Comment 5 Hendrik Klug 2019-11-15 14:09:17 UTC
(In reply to Hendrik Klug from comment #4)
> Hello Jason, thank you for your answer!
> 
> I have tried to rebuild jsoncpp, but it doens't change anything :(
> 
> I am on `gcc (Gentoo 9.2.0-r2 p3) 9.2.0` but I have tried downgrading to
> `gcc (Gentoo 8.3.0-r3 p3) 8.3.0`, but `emerge tensorflow` still gives the
> same error.

I built jsoncpp again with the gcc 8.3.0 compiler, and now I'm able to build tensorflow with the cuda USE flag on :)

Thank you for your help!
Comment 6 Jason Zaman gentoo-dev 2019-11-16 01:05:32 UTC
Great to hear!
Comment 7 Soren Harward 2020-05-08 15:57:07 UTC
I had the same problem with both jsoncpp and flatbuffers, which had been compiled with 9.2.0.  This isn't just a one-off weirdness that went away for one specific user.  This will *always* be a problem when a user has their system GCC >8.3.0, and tries to build tensorflow with CUDA support.

The nvidia cuda compiler (nvcc) in nvidia-cuda-toolkit-10.2 is limited to gcc versions <=8.3.  The tensorflow build process automagically uses this gcc version, regardless of what the system's default gcc version is.  If the user has a system GCC >8.3, then system libraries like jsoncpp and flatbuffers will be built against newer versions of libstdc++.so.  When nvcc tries to link tensorflow to those system libraries, it brings in the version of libstdc++ from gcc-8.3.0, which is older than the system libraries were linked to.  That version mismatch causes the "undefined reference" errors pointed out comment #3.
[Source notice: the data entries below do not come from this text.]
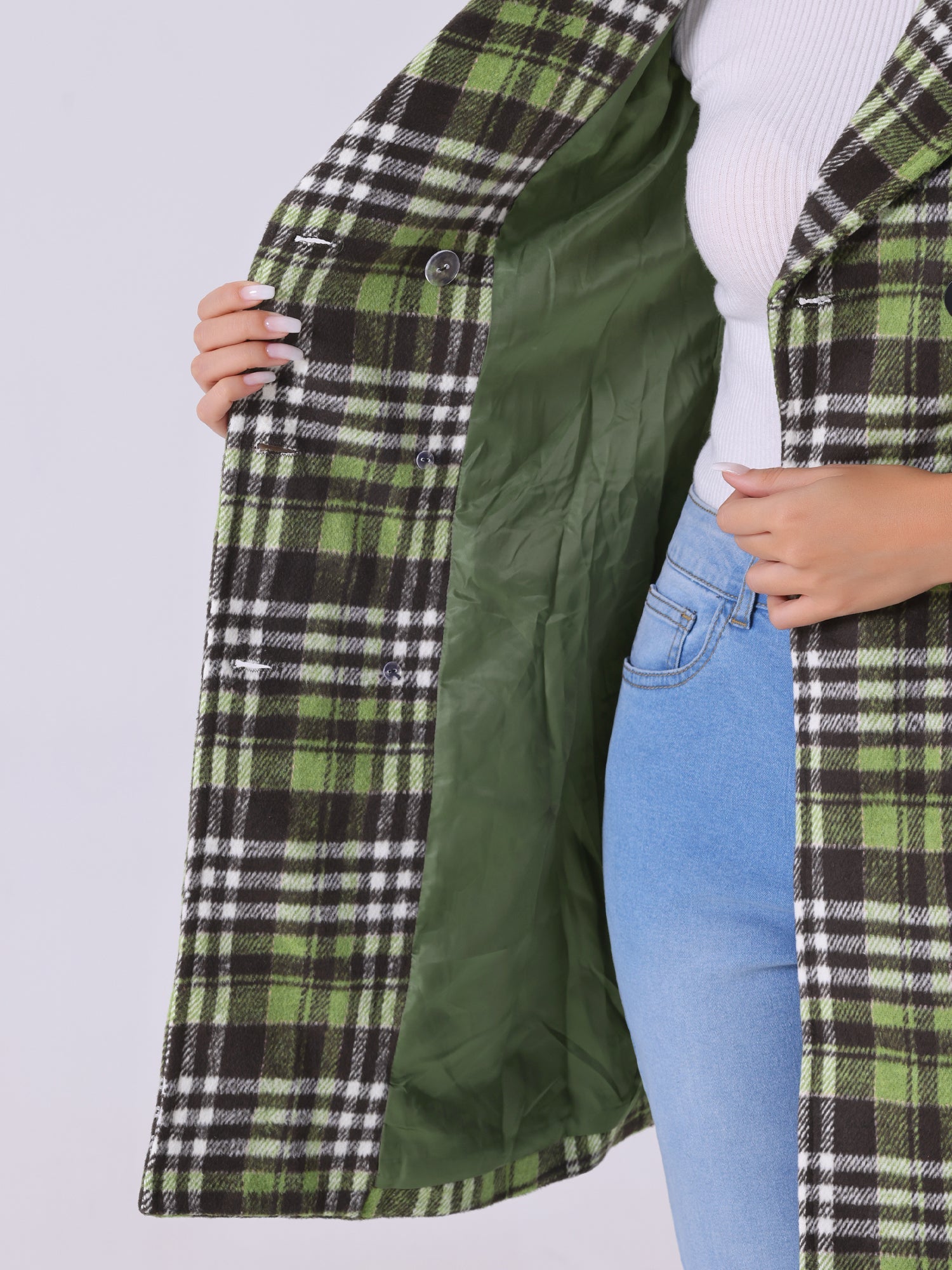 Women’s Long Coat | Double-Breasted Pockets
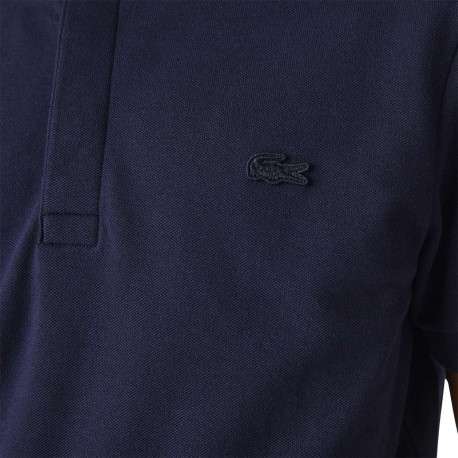 Polo Paris en coton marine uni avec une coupe droite et col boutonné - Image 9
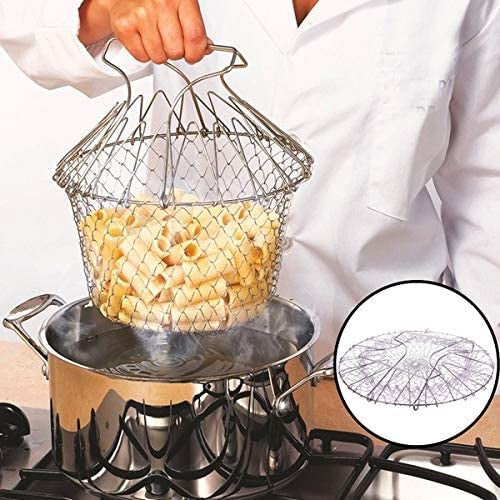 Cesta plegable de acero inoxidable multiproposito, 23.5x9.5Cm
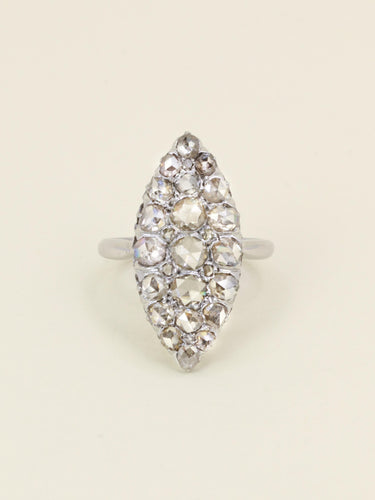 Bague marquise or blanc diamants taille rose 58 Facettes 1142.3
The only way to fix this is to ensure that all C++ system libraries that tensorflow links to are built with the same version of GCC that nvcc uses.  Thus far, jsoncpp and flatbuffers seem to be the only two libraries that cause problems.  But I won't be surprised if more show up in the future.  I finally just package.mask'ed >=sys-devel/gcc-8.4.0 on my system so that I can build tensorflow without having to worry about which system libraries will cause link failures.

Unless there's some kind of portage function that can detect which version of GCC another package was compiled with, I don't see a feasible way to fix this compile problem in the tensorflow ebuild.  The best we might be able to do is detect if the system gcc is >8.3, and if so, output a warning when  USE="cuda" that suggests that the user downgrade to gcc-8.3.0 and rebuild any packages providing libraries that cause tensorflow link failures.

Then again, the ebuild warning may be overkill, because the gcc version used by nvcc will change with different releases of nvidia-cuda-toolkit.  So maybe the best we can hope for is that the very few Gentoo+Tensorflow+CUDA users will find this bug report when their build fails, and know how to fix it.